Two weeks into Free Agency – and five days after the July moratorium ended – Lance Stephenson, the Pacers, and their fans are still trying to find out where the quirky, talented wing will continue his NBA career. While we have no new information from either camp, events over the past few days have at least eliminated some possibilities. Friday, it became apparent that the Lakers were no longer in the hunt. When Houston chose not to match Dallas’ three-year, $46 million offer sheet to Chandler Parsons, the Mavs dropped out of the market.
However, several teams still have the means to beat the Pacers’ offer. Charlotte is back in play after losing Gordon Hayward, but beat reporter Rick Bonnell maintains they aren’t interested. Atlanta has enough space, as do potentially Houston and perhaps Phoenix. For teams with space, it is simply a matter of will.
The biggest threat to the Pacers remains – in my opinion – a big dollar, short term contract. Indiana’s offer of five years and $44 million only pays Lance roughly $7.7 million next season, and a combined $15.9 million in the first two. A two-year, $20 million offer gets Stephenson 25% more money in these years. I’m sure none of us doubt Stephenson’s faith in both his talent and indestructibility, so should we doubt his faith in his ability to land another big contract in two years? Another big contract signed after a new TV deal is inked?
In any case, there’s a lot we don’t know about the actual machinations of the market surrounding Stephenson’s next deal. However, thanks to Mark Deeks of Shamsports, we do know a lot about the Pacer cap situation and the dilemmas they are facing.
Good luck affording Lance and staying under the tax. http://t.co/92My3rGux0
— Mark Deeks (@MarkDeeksNBA) July 14, 2014
Mark’s right, but the Pacers have an even more immediate issue regarding their offer to Lance Stephenson. Their current payroll makes signing Lance to that deal illegal.
On July 3rd, we outlined the Pacer Cap situation at that time. We also noted that – due to details in the 2011 CBA – Indiana was actually hard capped at $4 million above the tax threshold, which has since been officially locked at $76.829 million. That cap update indicated that the Pacers would be a couple thousand dollars above that hard cap figure, but that’s so small as to be a rounding error.
However, Lavoy Allen was signed in the intervening two weeks, and now the Pacers have to clear almost $1.1 million before Lance can put his name to the current offer.
Now, this is ostensibly a minor detail. Indiana can reduce their payroll in any number of ways. The most direct is to waive Luis Scola, who is only guaranteed $1.9 million of his $4.9 million salary. However, what is important is the timing .
Barring something unforeseen, the Pacers will not pay the tax for this – or any other – season. So, as a practical matter, Larry Bird will be looking to keep his total payroll under the $76.829 million threshold. However, the deadline for being under that number is the last day of the 2014-15 season. Conversely, Indiana cannot exceed the $80.829 million hard cap for any reason or any amount of time.

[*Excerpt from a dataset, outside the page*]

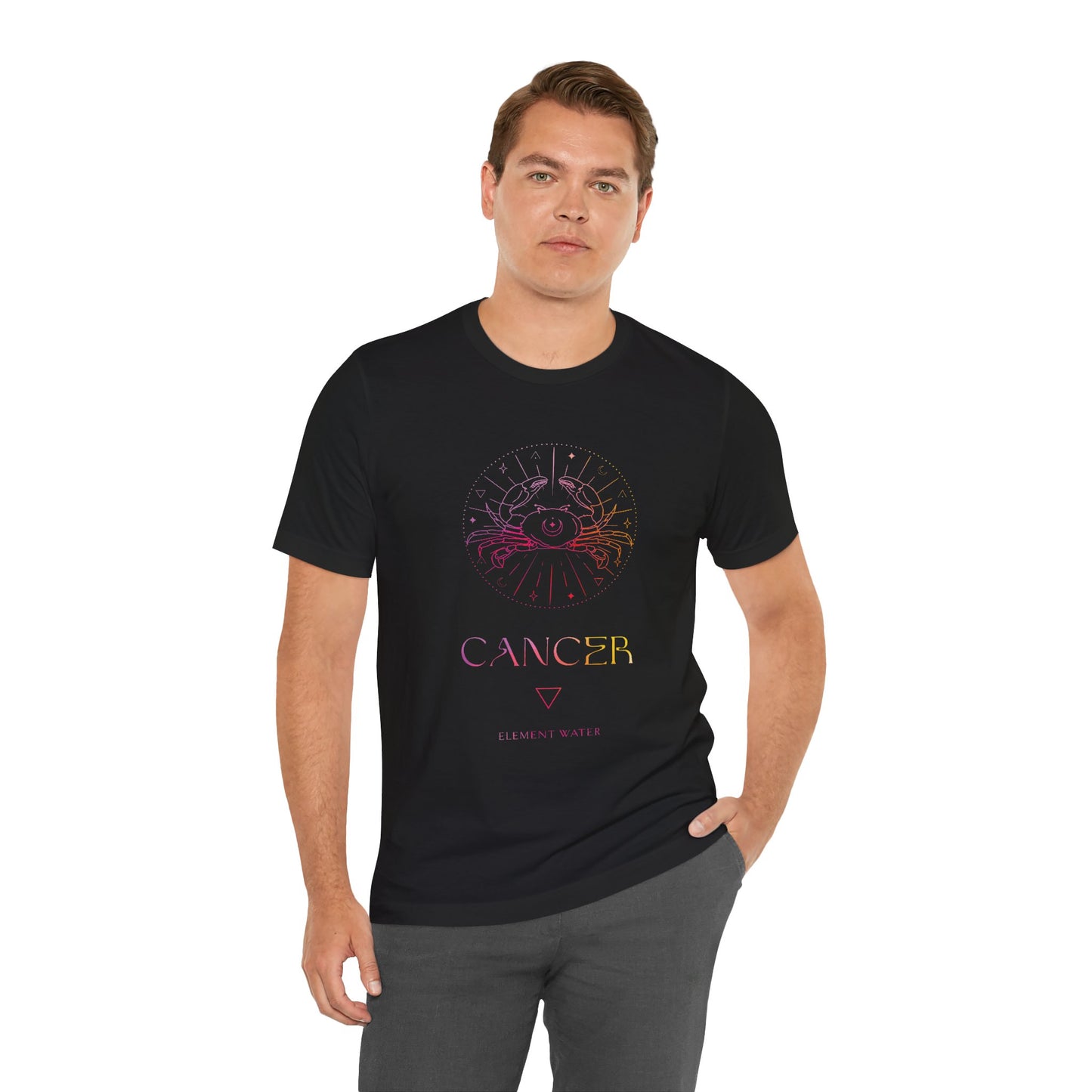 Cancer Zodiac T-Shirt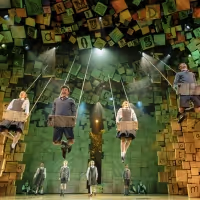 100th Matilda And New Casting Announced For MATILDA THE MUSICAL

If Lance’s contract fit under the hard cap, then Bird and Kevin Pritchard could spend the rest of the summer looking for a salary-saving trade that would get Indiana under the tax. They could even wait until the trade deadline, but it would likely be their preference to have this resolved before opening night. Since it doesn’t – and the offer remains on the table despite their current payroll – Indiana will have to act immediately, should Lance accept.
For those watching, the Lance Stephenson Free Agency experience has moved at a snail’s pace. However, if Stephenson chooses to be back home again in Indiana, then things will start to move very quickly, indeed.